On Wed, Jan 03, 2024 at 04:51:39PM +1000, Jonathan Matthew wrote:
> On Wed, Jan 03, 2024 at 01:50:06AM +0100, Alexander Bluhm wrote:
> > On Wed, Jan 03, 2024 at 12:26:26AM +0100, Hrvoje Popovski wrote:
> > > While testing kettenis@ ipl diff from tech@ and doing iperf3 to bnxt
> > > interface and ifconfig bnxt0 down/up at the same time I can trigger
> > > panic. Panic can be triggered without kettenis@ diff...
> >
> > It is easy to reproduce. ifconfig bnxt1 down/up a few times while
> > receiving TCP traffic with iperf3. Machine still has kettenis@ diff.
> > My panic looks different.
>
> It looks like I wasn't trying very hard when I wrote bnxt_down().
> I think there's also a problem with bnxt_up() unwinding after failure
> in various places, but that's a different issue.
>
> This makes it a more resilient for me, though it still logs
> 'bnxt0: unexpected completion type 3' a lot if I take the interface
> down while it's in use. I'll look at that separately.
Should we intr_barrier(sc->sc_queues[0].q_ihc) if sc->sc_intrmap == NULL ?
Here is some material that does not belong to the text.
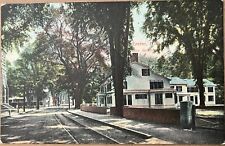 Exeter NH Governor Bells House Dirt Road Tracks VTG New Hampshire Postcard 1909 picture
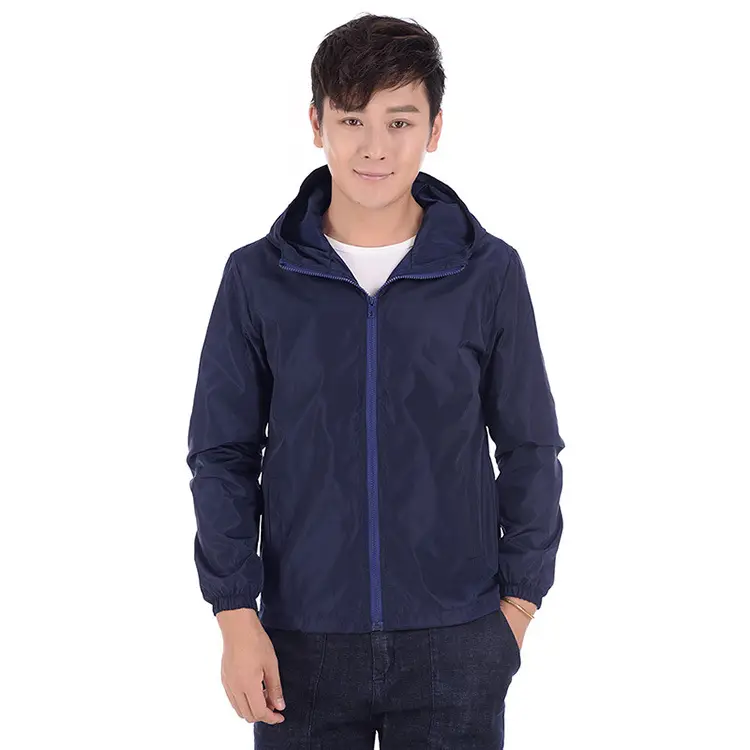 Men's Grey Hooded Windbreaker Jacket with Print - Image 14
All these barriers make sense to me. OK bluhm@
> Index: if_bnxt.c
> ===================================================================
> RCS file: /cvs/src/sys/dev/pci/if_bnxt.c,v
> retrieving revision 1.39
> diff -u -p -r1.39 if_bnxt.c
> --- if_bnxt.c 10 Nov 2023 15:51:20 -0000 1.39
> +++ if_bnxt.c 3 Jan 2024 06:36:02 -0000
> @@ -1158,12 +1159,16 @@ bnxt_down(struct bnxt_softc *sc)
>
> CLR(ifp->if_flags, IFF_RUNNING);
>
> + intr_barrier(sc->sc_ih);
> +
> for (i = 0; i < sc->sc_nqueues; i++) {
> ifq_clr_oactive(ifp->if_ifqs[i]);
> ifq_barrier(ifp->if_ifqs[i]);
> - /* intr barrier? */
>
> - timeout_del(&sc->sc_queues[i].q_rx.rx_refill);
> + timeout_del_barrier(&sc->sc_queues[i].q_rx.rx_refill);
> +
> + if (sc->sc_intrmap != NULL)
> + intr_barrier(sc->sc_queues[i].q_ihc);
> }
>
> bnxt_hwrm_free_filter(sc, &sc->sc_vnic);
>